EXERCISE DESCRIPTION: Using the entries below, restate word for word only the lines from the one with "业绩持续快速增长,西南布局稳步推进" to the final line, leaving the pictures out.
++++ MATERIAL PROVIDED ++++
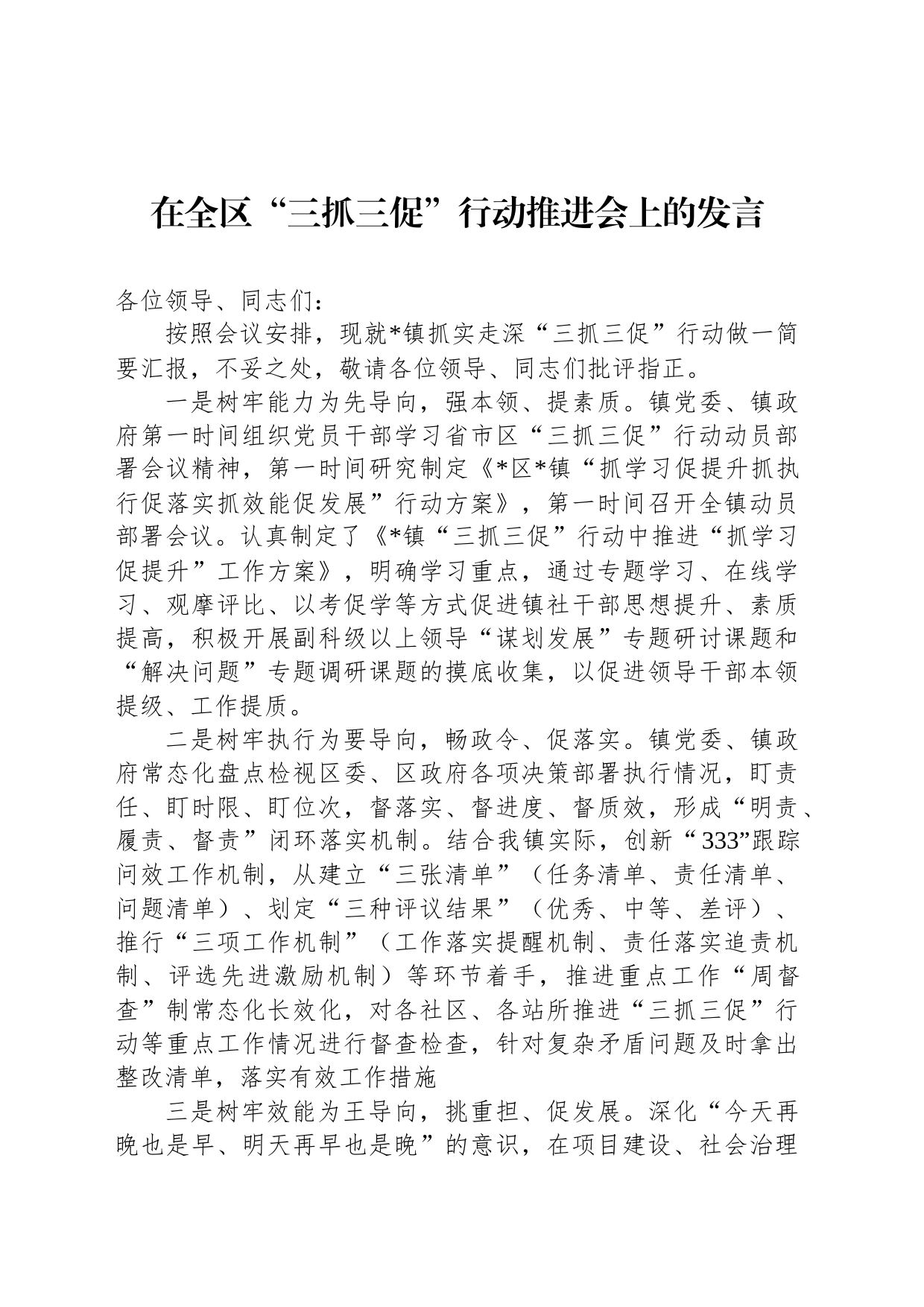 在全区“三抓三促”行动推进会上的发言_第1页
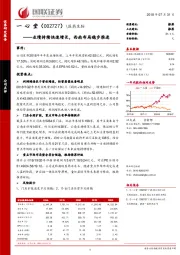 业绩持续快速增长,西南布局稳步推进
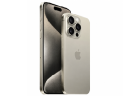 Tvrzená skla pro iPhone 16 Pro Max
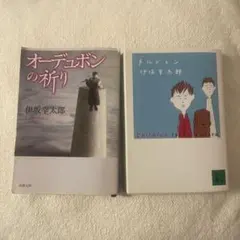 伊坂幸太郎　オーデュボンの祈り　チルドレン　2冊セット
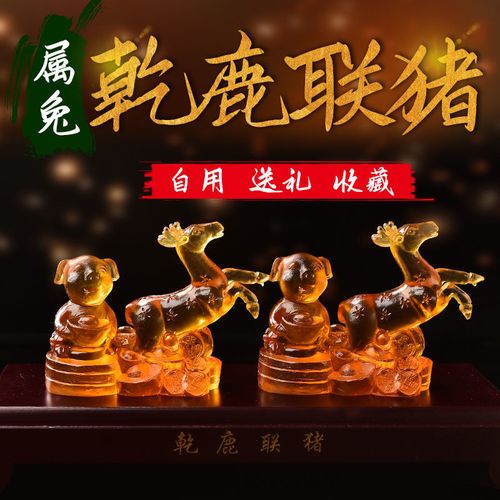 2021年属兔吉祥头像,属兔微信头像吉利 易明开居2021年属兔灵葫双犬乾鹿联猪琉璃摆件生肖兔风水吉祥物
++++
OUTPUT OF THE EXERCISE:
 业绩持续快速增长,西南布局稳步推进
 Tvrzená skla pro iPhone 16 Pro Max
 伊坂幸太郎　オーデュボンの祈り　チルドレン　2冊セット
 2021年属兔吉祥头像,属兔微信头像吉利 易明开居2021年属兔灵葫双犬乾鹿联猪琉璃摆件生肖兔风水吉祥物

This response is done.